Tidak ada motif altruistik apapun, aku hanya ingin melepas hajat padanya. Tidak timbul pula belas kasihan dalam hatiku, ketika ia mengerang-erang memanggilku "Mas Manto." Jangan salah. Aku melakukannya bukan karena tidak punya uang, meski memang aku saat itu tidak punya uang. Melampiaskan birahi tidak berarti melakukannya tanpa sentuhan artistik sama sekali, tanpa membuatnya menjadi puitis. Kulukis guratan-guratan pada wajah orang-orang yang lalu-lalang, demi melihat pria telanjang setengah sinting melepas hajat pada wanita sinting setengah telanjang. Aku sekadar menyingkap daster lusuhnya, tidak sampai melucuti.

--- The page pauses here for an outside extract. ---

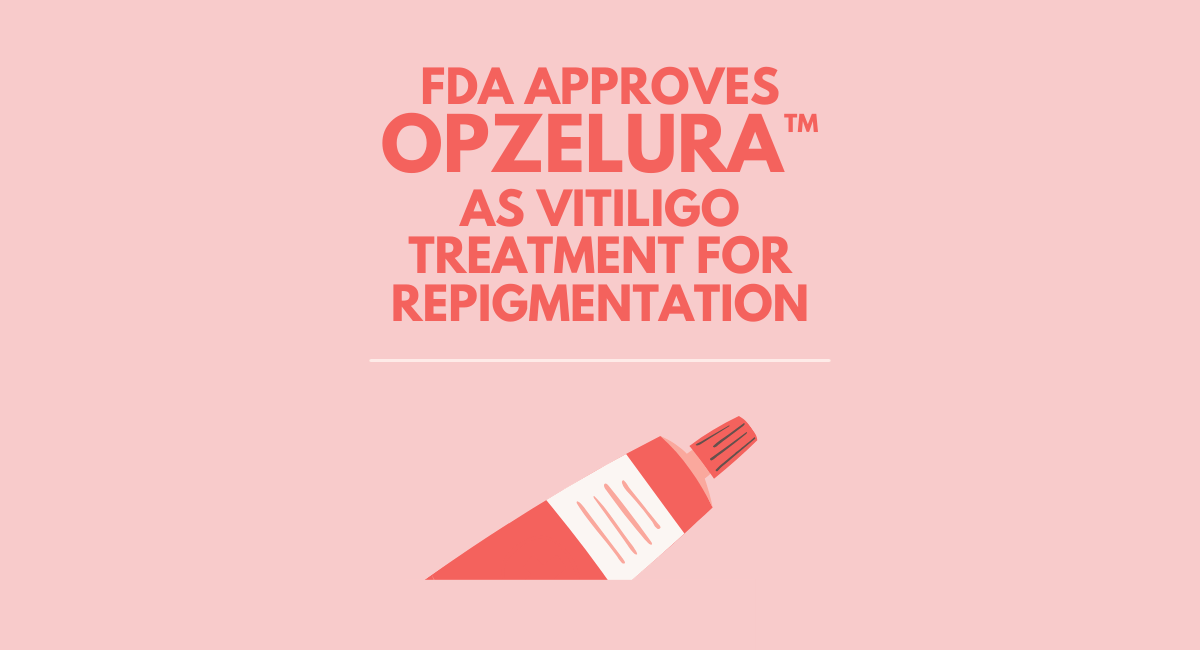 FDA Approves First Vitiligo Treatment for Repigmentation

Sekali lagi, tanpa alasan kemanusiaan. Kuakui, sebelum itu aku memang menyusupkan tangan ke balik dasternya, memuntir-muntir puting susunya. Tidak, aku tidak sedang mencoba merangsangnya, meski, ya, ia mendesis dan mendesah, Si Sinting itu. Aku sekadar ingin mengepaskan antara frekuensiku dengan frekuensinya, agar hilang itu gerisik dan gerasak yang sangat tidak artistik itu. Hei, suatu lukisan yang impresionistik seyogianya merdu dan mendayu. Untuk keperluan ini bahkan kusembunyikan semua perkusi apapun itu, kulakukan dengan kesungguhan seorang penjahit asal Payakumbuh atau Tasikmalaya.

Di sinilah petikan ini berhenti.